England seamer Reece Topley was ruled out of the T20 World Cup by a serious ankle injury

This was going to be the World Cup when all his hard work was finally rewarded with a pivotal role for Jos Buttler’s contenders. Then it all went wrong during catching practice ahead of a warm-up match in Brisbane that England did not even want to play.

‘I was sprinting as fast as I could around the boundary and I leapt on to my left foot to practise saves and my studs got stuck in the plastic coating on the marker,’ Topley tells Sportsmail. ‘I turned my ankle and landed on the side of my shoe even though I was upright.

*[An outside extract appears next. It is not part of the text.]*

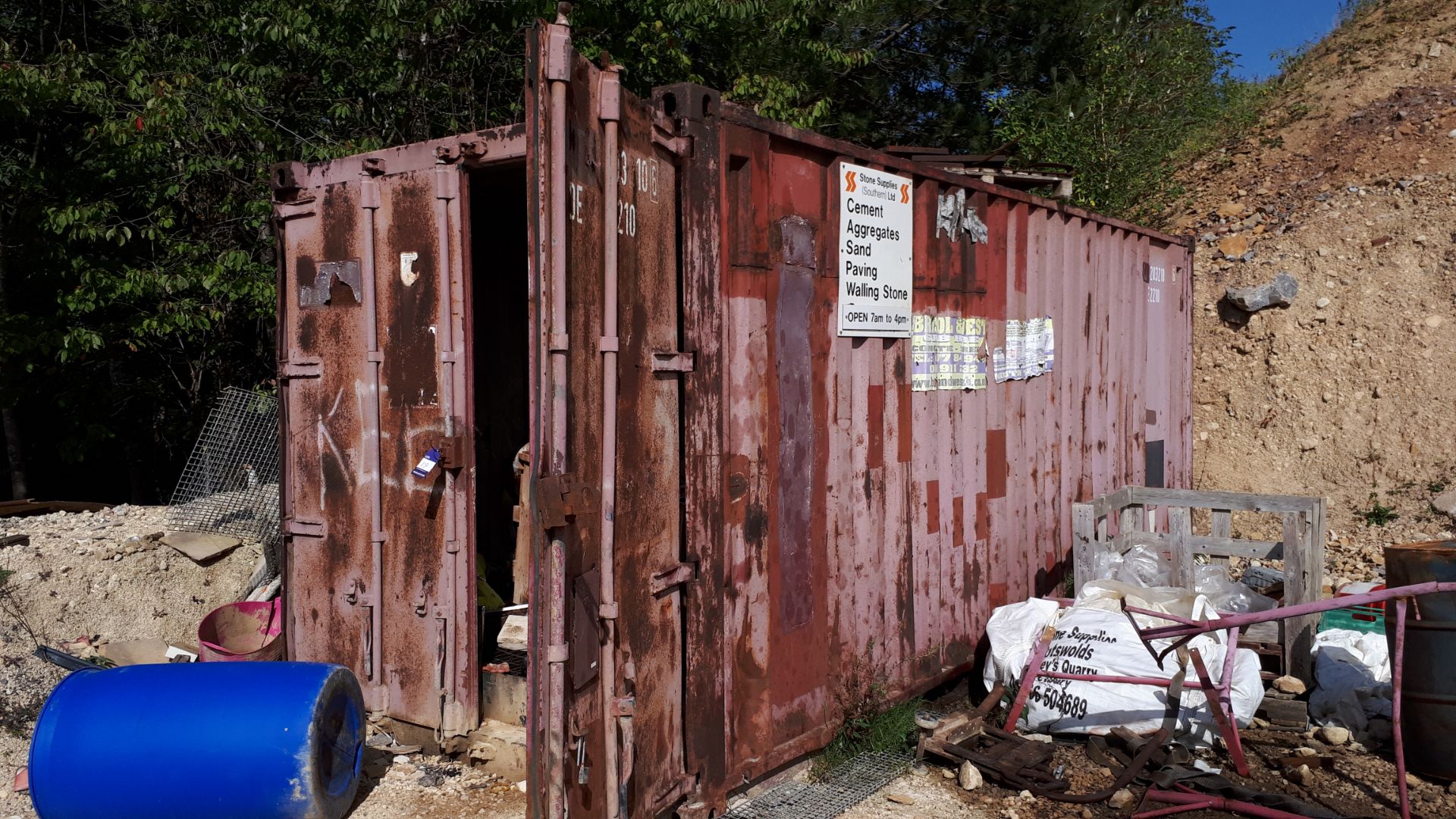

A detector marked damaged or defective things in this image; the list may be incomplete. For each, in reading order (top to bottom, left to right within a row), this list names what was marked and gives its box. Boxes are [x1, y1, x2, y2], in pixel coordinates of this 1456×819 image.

rusty shipping container [270, 14, 1195, 819]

‘I ruptured all my ligaments on that outside part of my ankle and tore some muscles around it as well. It went so far that those muscles took a bit of a battering.’

Topley, 28, knew something was badly wrong. ‘There was a little bit of shock,’ he says. ‘The physio and doctor came over and I said, “It’s quite bad”. I wasn’t screaming in pain. I just calmly said it’s quite serious but I knew I wouldn’t be playing for at least a month.

The 28-year-old was going to have a pivotal role for Jos Buttler’s World Cup contenders

‘I was running too fast and the last thing I remembered as I was tumbling was seeing the sole of my shoe almost facing me. It was hazy and it all happened so fast but that was the picture I had in my mind. I just sat there thinking, “I’m cooked”. The way it happened there was no chance I hadn’t caused damage.’

That damage would almost certainly not have been as bad, of course, had Topley not tripped on one of the 20 centimetre-high ‘Toblerone’ boundary markers at this tournament that are crammed full of ICC advertising. It was the sheer size of the marker that made the fall so serious.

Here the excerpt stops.